- Born: Singapore
- Education: Harvard Business School Massachusetts Institute of Technology London School of Economics and Political Science (LSE)
- Occupation: Entrepreneur
- Organization: Ryde Group (NYSE: RYDE)
- Title: Founder, Chairman, and CEO

= Terence Zou =

Singaporean entrepreneur

Terence Zou is a Singaporean entrepreneur and the founder and CEO of Ryde Group Ltd, a ride-hailing and carpooling company established in 2014. Under his leadership, Ryde Group went public on the New York Stock Exchange (NYSE) on March 6, 2024, through its initial public offering. In September 2024, Ryde raised an additional US$4.5 million through a public offering.

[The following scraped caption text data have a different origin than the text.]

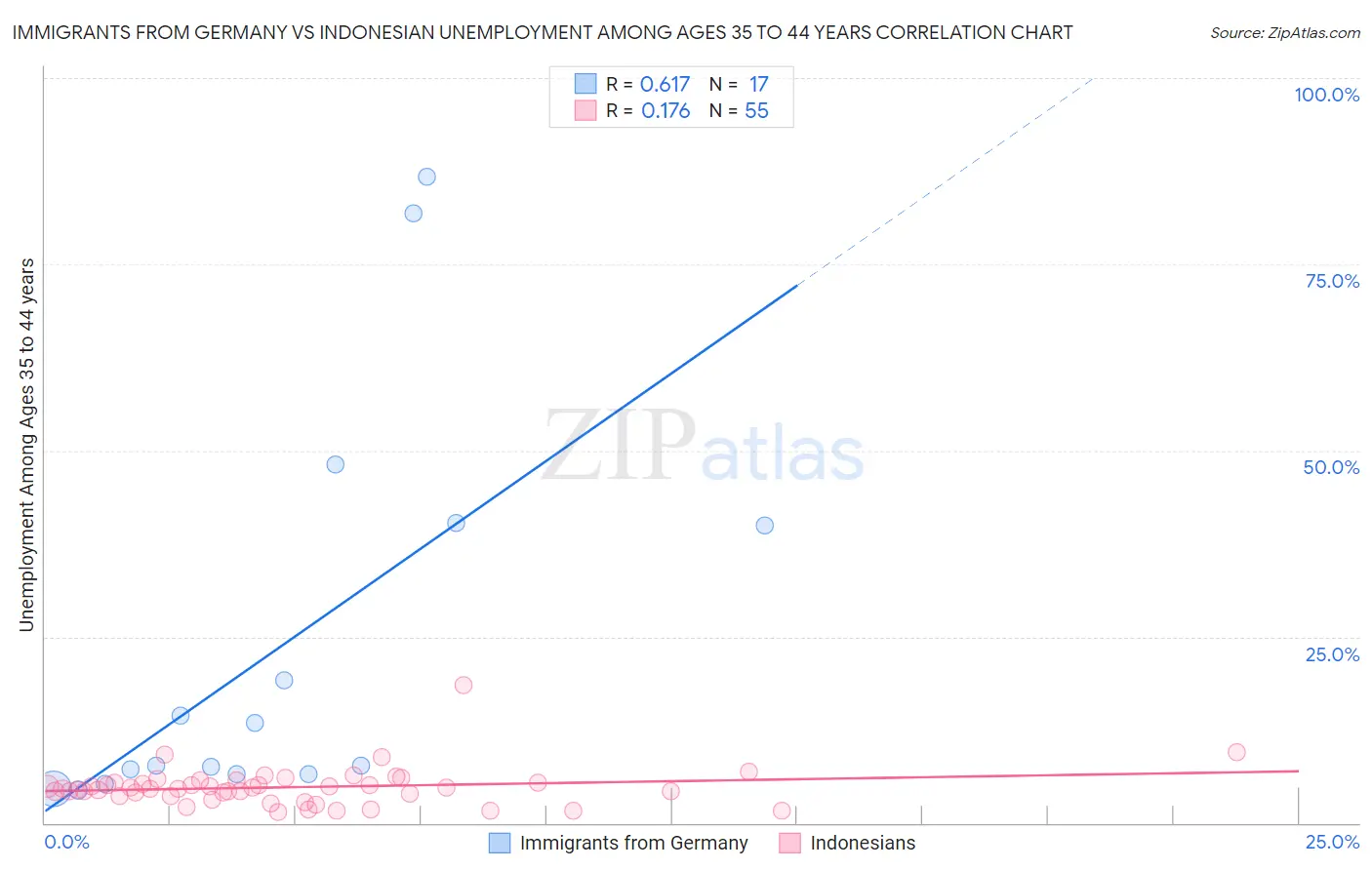 Immigrants from Germany vs Indonesian Unemployment Among Ages 35 to 44 years
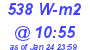 Milwaukee Weather Solar Radiation High Today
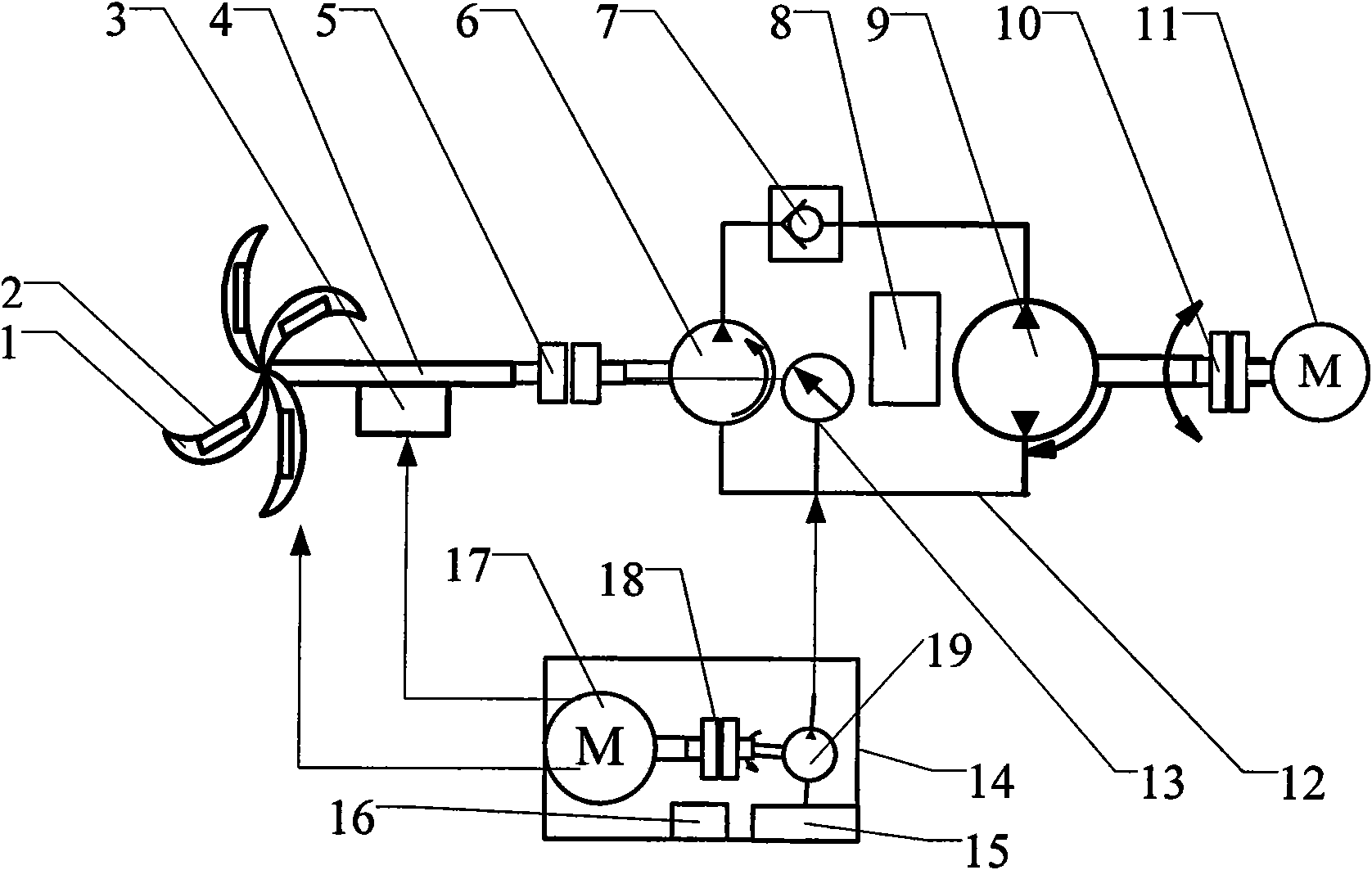 Hydraulic transduction device for wind power generation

== Early life and education ==
Terence Zou was born and raised in Singapore. Zou grew up with his parents, grandparents and two younger sisters. His father worked as a taxi driver, while his mother undertook sewing and babysitting work. After his mother's passing, Zou helped support his younger sisters while continuing his education. Zou attended St Gabriel's Primary School, Raffles Institution, and Raffles Junior College. He pursued further studies overseas on a scholarship from the Republic of Singapore Navy, which funded his bachelor's degree at the London School of Economics, and his master's degree at the Massachusetts Institute of Technology. In 2009, Zou obtained an MBA from Harvard Business School.

== Career ==

=== Military Service ===
After completing his studies, Zou served in the Republic of Singapore Navy for eight years as part of the scholarship bond. During his time in the military, he served as the commander of the RSS Resilience. In 1995, Zou received the Queen's Binoculars for being the top naval cadet at the Britannia Royal Naval College in the United Kingdom.

=== Business career ===
After fulfilling his military service, he worked in the finance sector, focusing on business operations.

In 2004, Zou conceived the idea for a carpooling application while serving in the Navy, although it was not until 2014 that he left his finance position to establish Ryde Group Ltd.

=== Ryde Group Ltd ===
In 2014, Zou founded Ryde Group, a company providing ride-hailing and carpooling services. In 2016, the company secured S$1 million in funding from a venture capital firm, followed by an additional S$2.5 million. By 2017, the company entered into a strategic partnership with ComfortDelGro, a Singapore-based transport operator. By 2020, Ryde had raised US$9.5 million from several investors, including SEA Ltd, the parent company of Shopee, which led two of the funding rounds in 2016 and 2017.

In 2020, Zou introduced the Ryde Education Merit Awards to recognize the academic achievements of driver-partners' children, later expanding the program to include scholarships. In March 2024, under Zou's leadership, Ryde went public on the New York Stock Exchange, raising US$12 million through its initial public offering (IPO). On April 4, 2024, Zou rang the New York Stock Exchange Closing Bell following Ryde's listing on NYSE American. Ryde was the first Singaporean ride-hailing company to list on the exchange. In September 2024, the company raised an additional US$4.5 million through a public offering.

In 2025, Zou oversaw Ryde's partnership with Tencent Cloud to integrate its AI capabilities into the app to support customer and driver interactions. The same year, the company partnered with MooVita, an autonomous vehicle technology firm, to propose a driverless shuttle service in Punggol in the fourth quarter of 2025.

Between September 2025 and April 2026, Ryde raised further capital through four share offerings, comprising S$1.6 million in September 2025, US$10 million in October 2025, US$14 million in December 2025, and US$14.9 million in April 2026, bringing the total capital raised through these offerings to approximately US$40.5 million.

In April 2026, Ryde entered into an agreement to acquire taxi licenses and electric vehicles as part of an expansion into the Hong Kong mobility market, and signed a memorandum of understanding with VinaTaxi, a Vietnamese taxi operator, to assess a potential mobility partnership in Vietnam. In July 2026, the company signed a non-binding memorandum of understanding with UISEE Technologies (Singapore) Pte Ltd regarding potential autonomous vehicle projects in Singapore, following its earlier discussions with MooVita.